Sempre que vejo um deles passando na rua, paro e observo. Eles me fascinam. Há uma grandeza nesse trabalho bruto, na humildade desses homens que andam encurvados, puxando ou empurrando seus carrinhos, usando o corpo como instrumento de força.
Outro dia, folheando um livro com fotografias de Marc Ferrez, tiradas no século dezenove, parei numa página dupla, com uma imagem captada em 1899. Era uma foto da antiga Estação D. Pedro II, com sua esplanada de paralelepípedos, cheia de gente. A legenda dizia que ali, parados diante da estação, estavam exemplos de todos os tipos de transporte da época: o landau, a vitória, o carroção, o tílburi, o bonde puxado a burro, o carrinho de mão. Observei melhor a foto. O tal carrinho de mão era um burro-sem-rabo. O mesmo pranchão de madeira sobre uma estrutura de ferro, os mesmos puxadores, as duas rodas. Olhando-o assim, ninguém diria que, de todos aqueles meios de transporte, seria o único a continuar circulando depois que o relógio dos séculos virasse duas vezes.
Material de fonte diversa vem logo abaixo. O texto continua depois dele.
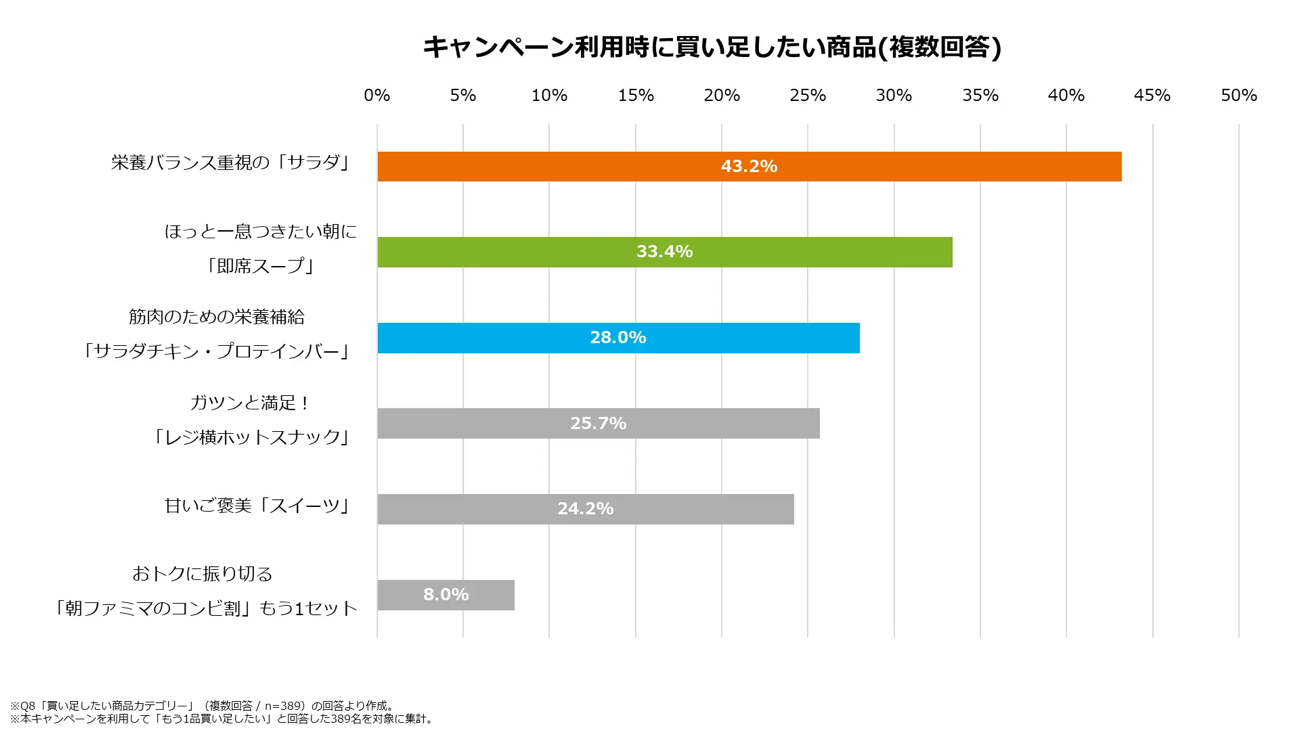 キャンペーン利用時に買い足したい商品(複数回答)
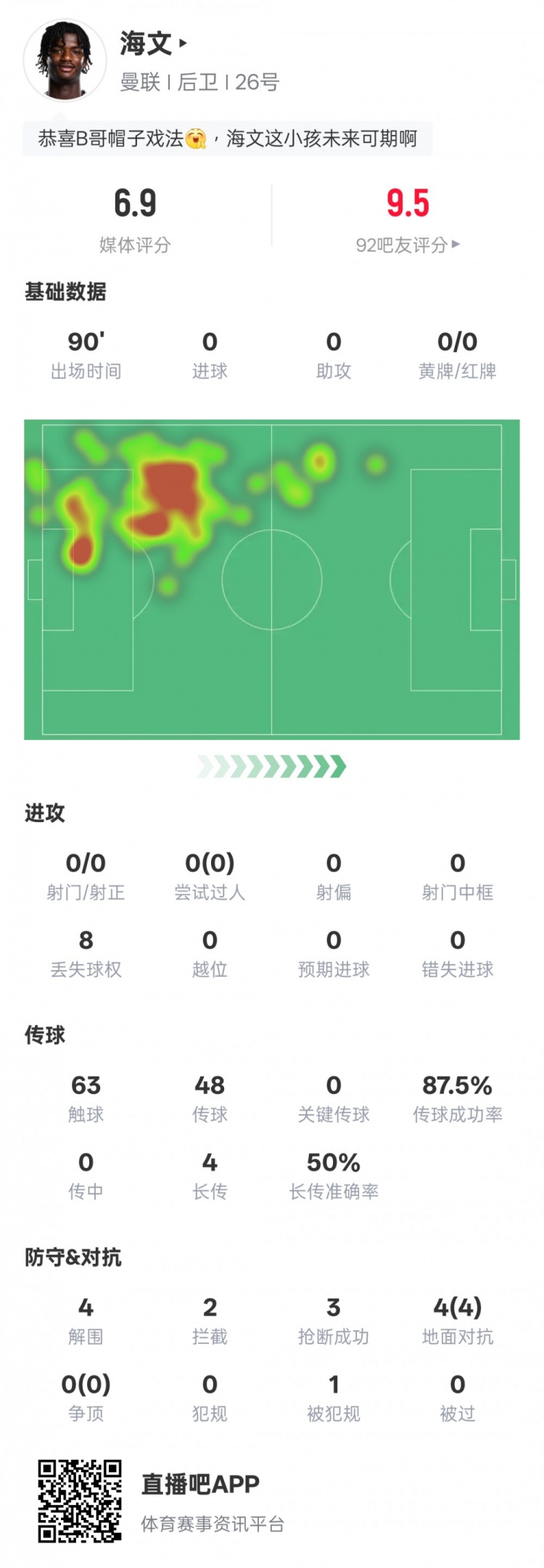 海文本場數據：4解圍2攔截3搶斷&4次地面對抗均成功，評分6.9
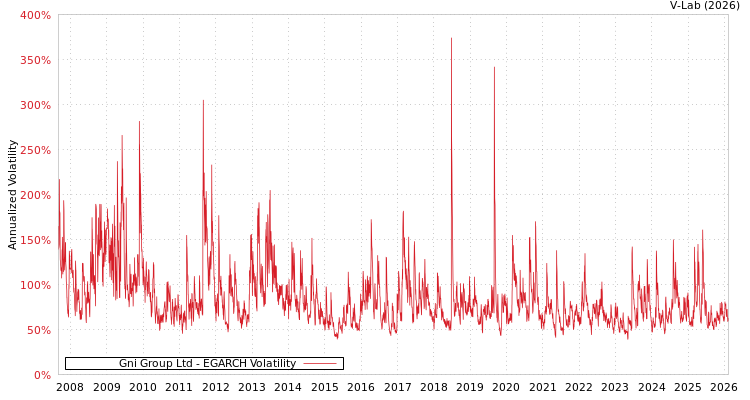 graph of Gni Group Ltd EGARCH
Foi pensando nisso que continuei ali, do outro lado da rua, olhando o burro-sem-rabo que passava na calçada. De repente, ele parou. Parou com um tranco. A roda do carrinho parecia ter esbarrado em alguma coisa. Eu, que observava à distância, percebi que era um desnível da calçada, cujo cimento fora talvez deslocado por uma raiz. Mas o homem, com a visão toldada pela enorme pilha de papel e madeira, não conseguia ver o que se passava. Tentou e tentou, deu marcha-a-ré, forçou várias vezes – e nada. Comecei a ficar aflita. O carrinho estava empacado.
Só depois de muito esforço, ele conseguiu ir em frente – para meu alívio. Mas não tinha andado nem vinte metros quando parou de novo, dessa vez num trecho onde a calçada se alargava, sob uma árvore centenária. Cheguei a pensar que as rodas do carrinho estivessem novamente presas, mas logo vi que não. O homem remexeu no bolso e dele tirou um saco plástico. No mesmo instante, foi cercado por dezenas de rolinhas.
A cena me enterneceu. Ele jogava milho para elas. Talvez o fizesse sempre que passava por ali, porque as rolinhas pareciam conhecê-lo, cercando-o, quase vindo comer em sua mão. Quando o homem se pôs novamente em marcha, elas se alvoroçaram, como se pedindo mais.
E lá se foi o burro-sem-rabo, empurrando seu carrinho imenso, os passarinhos voejando em torno. Parecia o final de um filme de Carlitos.